Start of ENTRIES PROVIDED

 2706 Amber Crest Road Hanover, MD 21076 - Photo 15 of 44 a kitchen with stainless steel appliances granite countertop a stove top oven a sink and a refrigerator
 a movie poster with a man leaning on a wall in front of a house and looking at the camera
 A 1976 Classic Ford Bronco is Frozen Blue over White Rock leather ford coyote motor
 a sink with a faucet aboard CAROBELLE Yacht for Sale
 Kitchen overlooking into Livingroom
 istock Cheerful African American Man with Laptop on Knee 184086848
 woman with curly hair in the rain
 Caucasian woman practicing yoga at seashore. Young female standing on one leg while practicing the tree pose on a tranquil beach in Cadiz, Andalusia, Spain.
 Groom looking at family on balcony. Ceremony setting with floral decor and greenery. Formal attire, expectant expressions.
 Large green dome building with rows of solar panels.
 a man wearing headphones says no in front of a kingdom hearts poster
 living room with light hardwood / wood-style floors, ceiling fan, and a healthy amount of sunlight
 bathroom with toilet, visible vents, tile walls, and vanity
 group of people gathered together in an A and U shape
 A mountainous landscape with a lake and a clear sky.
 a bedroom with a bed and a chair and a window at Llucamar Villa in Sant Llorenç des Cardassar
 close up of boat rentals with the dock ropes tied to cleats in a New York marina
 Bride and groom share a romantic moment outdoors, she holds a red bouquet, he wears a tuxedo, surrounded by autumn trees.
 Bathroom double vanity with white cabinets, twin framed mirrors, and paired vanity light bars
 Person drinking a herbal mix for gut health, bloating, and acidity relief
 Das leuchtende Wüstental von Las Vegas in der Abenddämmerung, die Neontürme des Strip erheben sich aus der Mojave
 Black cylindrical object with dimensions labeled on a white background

End of ENTRIES PROVIDED

PROBLEM TO SOLVE:
Scan the data above for the word "sink". Copy every line in which it is found.

OUTPUT FOR THIS EXERCISE:
 2706 Amber Crest Road Hanover, MD 21076 - Photo 15 of 44 a kitchen with stainless steel appliances granite countertop a stove top oven a sink and a refrigerator
 a sink with a faucet aboard CAROBELLE Yacht for Sale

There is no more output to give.